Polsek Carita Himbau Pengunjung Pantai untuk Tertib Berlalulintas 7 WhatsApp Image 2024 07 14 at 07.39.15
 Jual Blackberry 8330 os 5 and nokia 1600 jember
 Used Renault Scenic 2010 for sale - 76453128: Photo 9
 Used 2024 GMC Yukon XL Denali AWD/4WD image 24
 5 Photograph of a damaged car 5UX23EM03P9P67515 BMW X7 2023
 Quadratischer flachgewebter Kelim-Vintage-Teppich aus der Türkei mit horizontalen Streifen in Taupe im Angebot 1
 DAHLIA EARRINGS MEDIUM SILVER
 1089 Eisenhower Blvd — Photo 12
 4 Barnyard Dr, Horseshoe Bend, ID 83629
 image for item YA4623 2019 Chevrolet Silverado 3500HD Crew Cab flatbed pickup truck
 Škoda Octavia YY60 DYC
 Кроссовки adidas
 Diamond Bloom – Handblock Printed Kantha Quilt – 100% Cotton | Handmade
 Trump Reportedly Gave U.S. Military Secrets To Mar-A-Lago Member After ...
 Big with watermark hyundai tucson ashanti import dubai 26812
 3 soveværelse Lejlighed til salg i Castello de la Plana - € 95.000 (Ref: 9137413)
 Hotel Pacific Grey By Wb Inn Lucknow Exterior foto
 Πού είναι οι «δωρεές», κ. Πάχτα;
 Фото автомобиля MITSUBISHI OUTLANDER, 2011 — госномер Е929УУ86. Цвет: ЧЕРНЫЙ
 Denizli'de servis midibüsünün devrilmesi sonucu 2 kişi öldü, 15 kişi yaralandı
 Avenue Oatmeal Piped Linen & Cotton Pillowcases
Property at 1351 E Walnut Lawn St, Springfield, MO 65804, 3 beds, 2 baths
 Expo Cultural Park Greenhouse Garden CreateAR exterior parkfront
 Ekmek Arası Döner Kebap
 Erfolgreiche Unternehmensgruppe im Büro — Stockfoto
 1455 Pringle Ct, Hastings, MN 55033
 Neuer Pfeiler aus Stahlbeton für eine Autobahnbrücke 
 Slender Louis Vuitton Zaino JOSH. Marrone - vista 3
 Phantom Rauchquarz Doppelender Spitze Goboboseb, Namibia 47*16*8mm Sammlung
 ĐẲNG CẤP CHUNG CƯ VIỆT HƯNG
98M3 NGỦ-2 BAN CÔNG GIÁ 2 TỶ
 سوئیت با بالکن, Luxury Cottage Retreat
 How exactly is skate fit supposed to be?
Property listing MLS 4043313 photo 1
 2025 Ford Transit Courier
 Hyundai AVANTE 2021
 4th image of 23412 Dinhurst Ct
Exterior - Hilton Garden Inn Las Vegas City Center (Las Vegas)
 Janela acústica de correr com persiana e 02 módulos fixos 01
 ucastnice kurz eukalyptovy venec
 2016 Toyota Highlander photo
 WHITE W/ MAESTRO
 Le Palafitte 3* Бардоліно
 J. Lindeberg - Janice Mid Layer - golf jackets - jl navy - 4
=======
YOUR TASK — Of the lines above, extract only those from the line with "Phantom Rauchquarz Doppelender" to the line with "4th image of 23412 Dinhurst Ct", both included, exactly as written.

YOUR SOLUTION —
 Phantom Rauchquarz Doppelender Spitze Goboboseb, Namibia 47*16*8mm Sammlung
 ĐẲNG CẤP CHUNG CƯ VIỆT HƯNG
98M3 NGỦ-2 BAN CÔNG GIÁ 2 TỶ
 سوئیت با بالکن, Luxury Cottage Retreat
 How exactly is skate fit supposed to be?
Property listing MLS 4043313 photo 1
 2025 Ford Transit Courier
 Hyundai AVANTE 2021
 4th image of 23412 Dinhurst Ct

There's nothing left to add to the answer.